MATA INDONESIA, JAKARTA – Kastengel merupakan kudapan berbentuk kue kering yang umumnya tersaji di hari raya Idul Fitri. Biasanya kastengel selalu tersaji di toples-toples kaca di rumah-rumah yang sudah siap menyambut hari raya.
Parutan keju dan aroma khasnya membuat kue ini tersedia dalam harga yang cukup mahal. Meski dikenal sebagai kue yang tersedia saat hari raya Idul Fitri, namun asalnya bukan dari Tanah Air. Kue ini berasal dari negeri kincir angin, Belanda.
Maka, dalam bahasa Belanda dikenal dengan nama Kaasstengels, dari kata kaas yang berarti keju dan stengels yang berarti batangan.
Menurut Indonesian Chef Association, ternyata kastengel memiliki sejarah yang unik karena kerap diginakan sebagai pengganti mata uang. Kota Krabbedikje menjadi saksi bahwa kue ini menjadi alat barter. Hal ini disebabkan komposisi kejunya yang mahal.
Anggota Indonesian Chef Association, Chef Fidin mengemukakan bahwa kastengel mulai masuk sejak masa kolonial Belanda. Hal ini menjadi awal akulturasi budaya juga kuliner dengan Indonesia.
“Katengel sendiri masuk ke Indonesia pada masa colonial Belanda, di masa itu terjadi semacam akulturasi budaya juga kuliner,” kata Chef Fidin.

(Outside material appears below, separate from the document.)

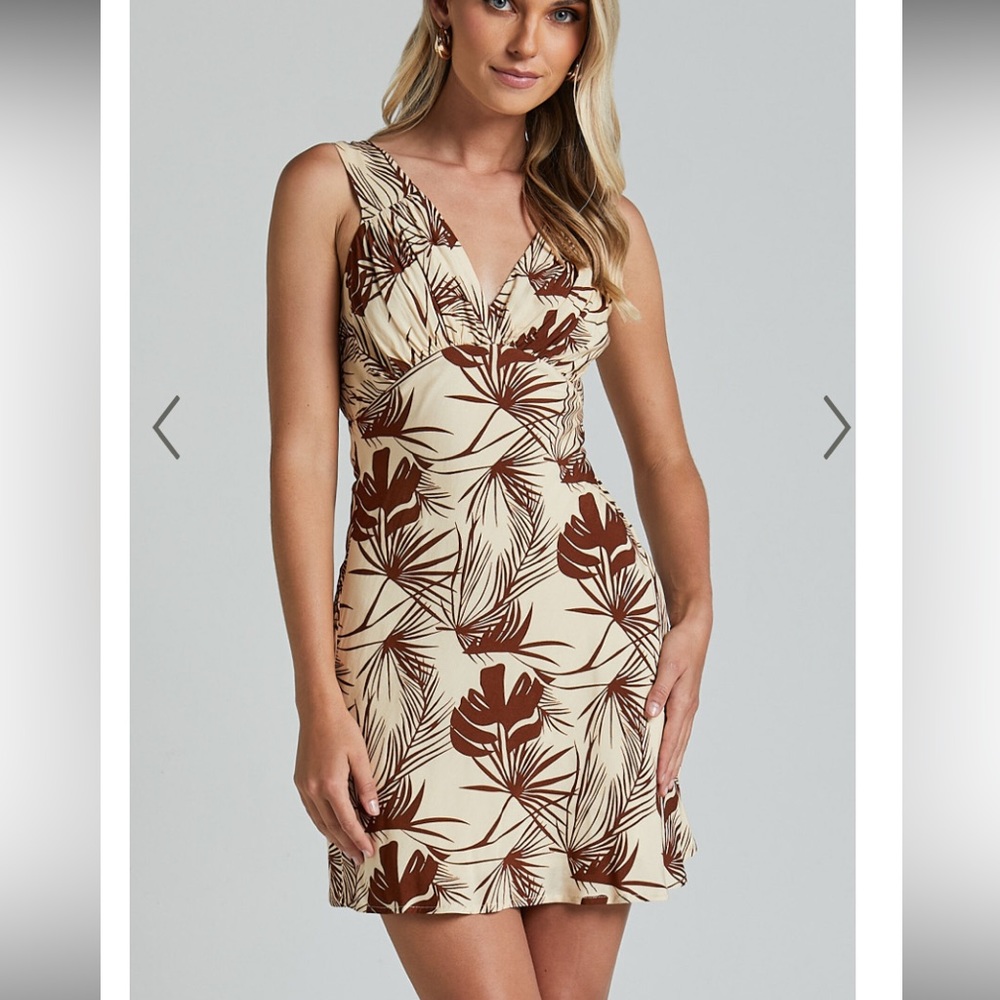 KIM MINI DRESS - V NECK EMPIRE WAIST A LINE DRESS IN BEIGE PALM TREE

Maka, kue ini umumnya tersaji di rumah-rumah pejabat atau pegawai Belanda yang menikahi wanita-wanita pribumi. Lewat proses itulah, terjadi akulturasi kuliner khas Belanda dengan kuliner nusantara.
Di Belanda, kastengel memiliki panjang sekitar 30 cm. Penyajian kastengel di sana mirip penyajian roti baguette asal Perancis. Umumnya, kue tersebut disantap dengan sup panas atau dipotong untuk pelengkap porsi salad.
Adapun adonan kastengel yang dibentuk dengan potongan kecil disebabkan karena ketika kastengel mendarat di nusantara, wanita Belanda maupun wanita yang mengolahnya kesulitan. Hal ini disebabkan sulit mencari oven berukuran besar seperti oven di Belanda.